- _DATASET EXTRACT_
>>>>>
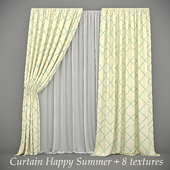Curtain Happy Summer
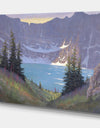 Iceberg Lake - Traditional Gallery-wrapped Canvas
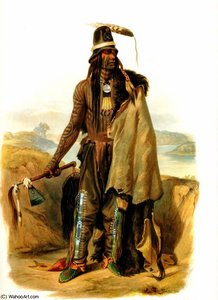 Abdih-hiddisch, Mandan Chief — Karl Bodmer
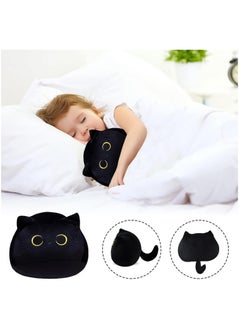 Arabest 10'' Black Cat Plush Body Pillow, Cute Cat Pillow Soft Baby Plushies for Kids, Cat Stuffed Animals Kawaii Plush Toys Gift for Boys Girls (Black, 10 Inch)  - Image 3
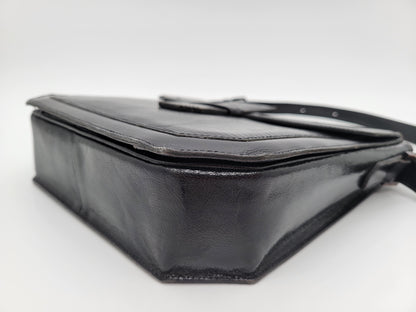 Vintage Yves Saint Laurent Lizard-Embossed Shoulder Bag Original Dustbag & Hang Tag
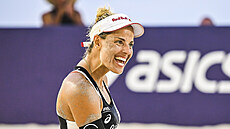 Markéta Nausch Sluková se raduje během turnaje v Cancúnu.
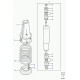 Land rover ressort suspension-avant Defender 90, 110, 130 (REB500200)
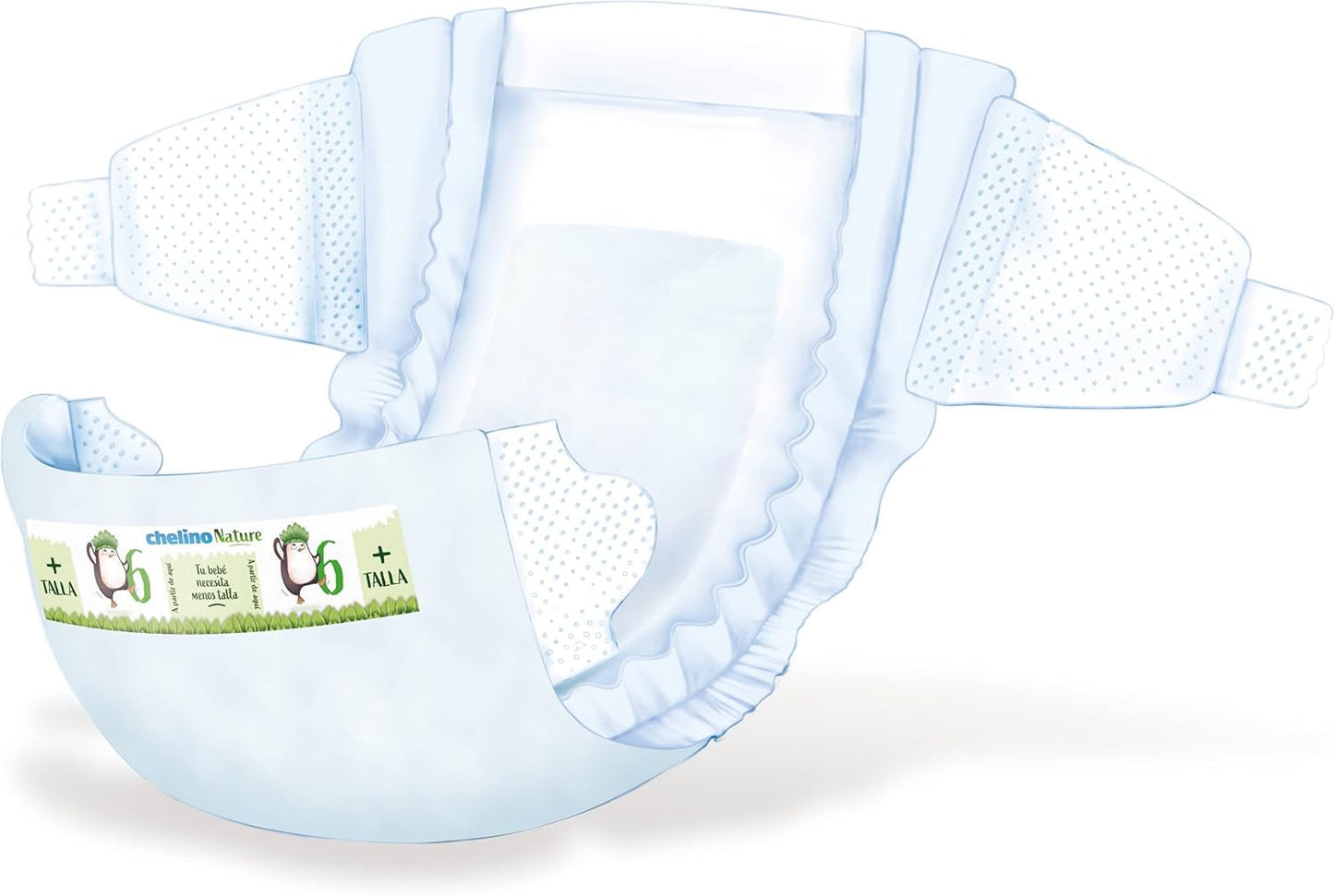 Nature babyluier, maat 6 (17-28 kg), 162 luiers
<<<<<
>>>>>
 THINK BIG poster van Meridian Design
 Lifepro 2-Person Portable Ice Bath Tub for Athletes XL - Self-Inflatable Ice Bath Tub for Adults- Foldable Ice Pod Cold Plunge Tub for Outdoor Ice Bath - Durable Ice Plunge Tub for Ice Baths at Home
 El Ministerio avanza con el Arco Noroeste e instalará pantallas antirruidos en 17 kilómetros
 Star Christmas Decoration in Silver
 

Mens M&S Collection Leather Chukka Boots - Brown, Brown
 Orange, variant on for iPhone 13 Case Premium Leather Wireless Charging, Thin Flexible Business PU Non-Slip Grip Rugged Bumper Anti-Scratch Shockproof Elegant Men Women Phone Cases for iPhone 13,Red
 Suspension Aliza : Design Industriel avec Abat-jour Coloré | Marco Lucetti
<<<<<
>>>>>
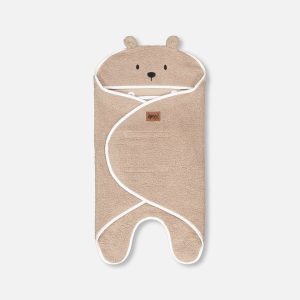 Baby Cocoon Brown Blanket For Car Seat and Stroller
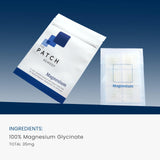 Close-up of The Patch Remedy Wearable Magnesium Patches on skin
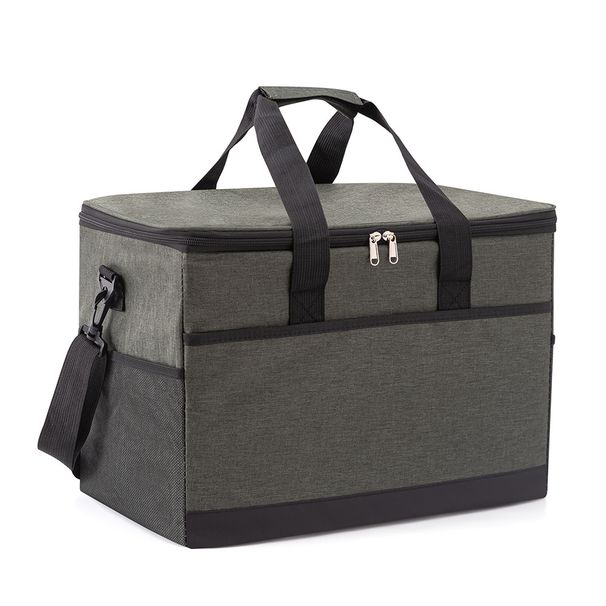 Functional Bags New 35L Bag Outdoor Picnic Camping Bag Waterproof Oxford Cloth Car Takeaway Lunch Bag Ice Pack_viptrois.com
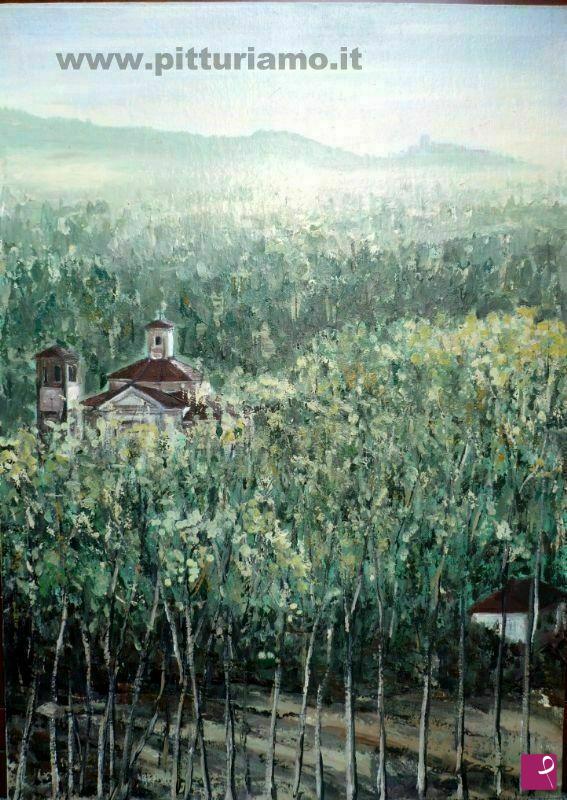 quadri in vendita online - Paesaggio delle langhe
<<<<<
- _EXERCISE AIM_
Using the entries above, reproduce word for word only the lines from the one that contains "Curtain Happy Summer" to the one that contains "Nature babyluier, maat", both ends included, and drop every picture.

- _SOLVED EXERCISE_
Curtain Happy Summer
 Iceberg Lake - Traditional Gallery-wrapped Canvas
 Abdih-hiddisch, Mandan Chief — Karl Bodmer
 Arabest 10'' Black Cat Plush Body Pillow, Cute Cat Pillow Soft Baby Plushies for Kids, Cat Stuffed Animals Kawaii Plush Toys Gift for Boys Girls (Black, 10 Inch)  - Image 3
 Vintage Yves Saint Laurent Lizard-Embossed Shoulder Bag Original Dustbag & Hang Tag
 Markéta Nausch Sluková se raduje během turnaje v Cancúnu.
 Land rover ressort suspension-avant Defender 90, 110, 130 (REB500200)
 Nature babyluier, maat 6 (17-28 kg), 162 luiers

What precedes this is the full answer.